But hey, we haven't calculated the cost of the food for education did we?  (Note that at this point, percentages might not add up due to rounding errors).  The brackets indicate if we split one person into a combo of a farmer/digger/potter, do the numbers add up properly?

Industry Arrangement (accounting for time lost due to education)
Food: 11.24% (1.00 food)
Clay: 11.58% (9.26 clay)
Pots: 77.17% (4.63 pots)

Due to the higher difficulty in getting pots and food, we've had to cut down on clay production and we end up with less things overall (which is expected).  But now, we have to consider a more difficult issue where industries require food for education, therefore we'll have to reduce and shift more production to food. 

Let's try to simplify this problem.  If we need 1 pot, we use up 1/600 of the lifetime of a potter.  That is equal to 1 pot, 2 clay and 0.067 food.  So, for every 1 pot made, you are also actually demanding some quantity of food.  Essentially, we've demanded 1/600 of the time of a potter, 2/8000 of a digger and 0.067/890 of a farmer.  Combined person-cycle time per pot is then 19.92%.  Cost has gone up, which passes a sanity test at least.  Let's keep it simple and do this:

Industry Arrangement
Food: ~11.24% -> 1 Food
Pots: ~88.76% -> 4.46 pots (0.29 food)

There's a slight decrease in pot production, which has become an increase in food production.  So the actual industrial arrangement after all that is:

Industry Arrangement
Food: 14.49% (1.29 food)
Digger: 11.15% (8.92 clay)
Potter: 74.33% (4.46 pots)

In the current model, education has its cost in food.  In essence it is stating that somehow education costs food.  We could also model this as "using" someone else's time (ie. using a teacher's time) for classroom or apprentice style education.  In this sense the cost is the opportunity cost of the person not producing anything else.  That is, say if one could have produced 10 food, instead they produce 10 education.  This would model the education costs better.  In the case of having education cost a single food, then we are saying one unit of education is equal to the time that could have been used to produce one unit of food and we've already reduced the output of the student to reflect the time they spend learning.

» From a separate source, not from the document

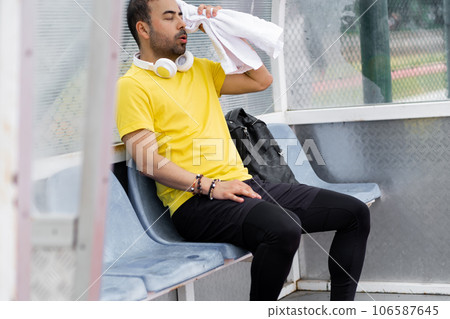 tired man portrait wiping sweat face with towel sitting in small arbor stadium after sport training athlete resting after hard workout on outdoor athletic arena tired man portrait wiping sweat face with towel sitting in small arbor stadium after sport training athlete resting after hard workout on outdoor athletic arena 106587645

It would be easier to show education teaching/learning efficiency changes if we explicitly measured the amount of labour going into education and performing lifetime output calculations of average workers in each industry.  For example:

Food: 10%
Education: 10%
Luxuries: 80%

But we have to be careful with lifetime production output calculations.  The longer people need to study the less their lifetime outputs but the faster they can consume education points, the more output they can create even if education costs don't change (meaning that output increases with the same amount of labour put toward it).

For example, let's say people learn slowly:

Food: 10%
Education: 10%
Luxuries: 80% (produces 5000 pots)

Then there was some improvement in their ability to consume education:

Food: 10%
Education: 10%
Luxuries: 80% (produces 6000 pots)

There was an increase in production rates with no difference in labour applied.  All incomes go up as a result of the increased output.

Government


Well that was complicated.  But are we done?  No, there's plenty more complexity we can add!

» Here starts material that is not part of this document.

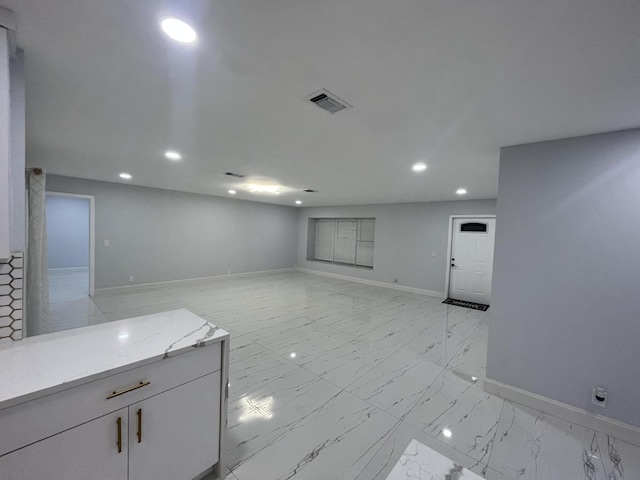 1720 SW 13th St, Boca Raton, FL 33486 - spare room featuring recessed lighting, light marble finish flooring, and baseboards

If we add in administrative cost, it is similar to education cost.  Each good produced incurs some kind of administrative cost (for redistribution, transportation and accounting) and thus shifts an ever greater amount of production toward food production (to pay for the people who do administrative work). 

How might we capture this cost?  Let's create a table of distribution costs:

Food: 1 food per 100 food (Very easy to move around and you can be rough with it)
Clay: 1 food per 50 clay (Weighs more than food, costs more to transport)
Pot: 1 food per 10 pots (Have to be careful with the pots, transport costs are high)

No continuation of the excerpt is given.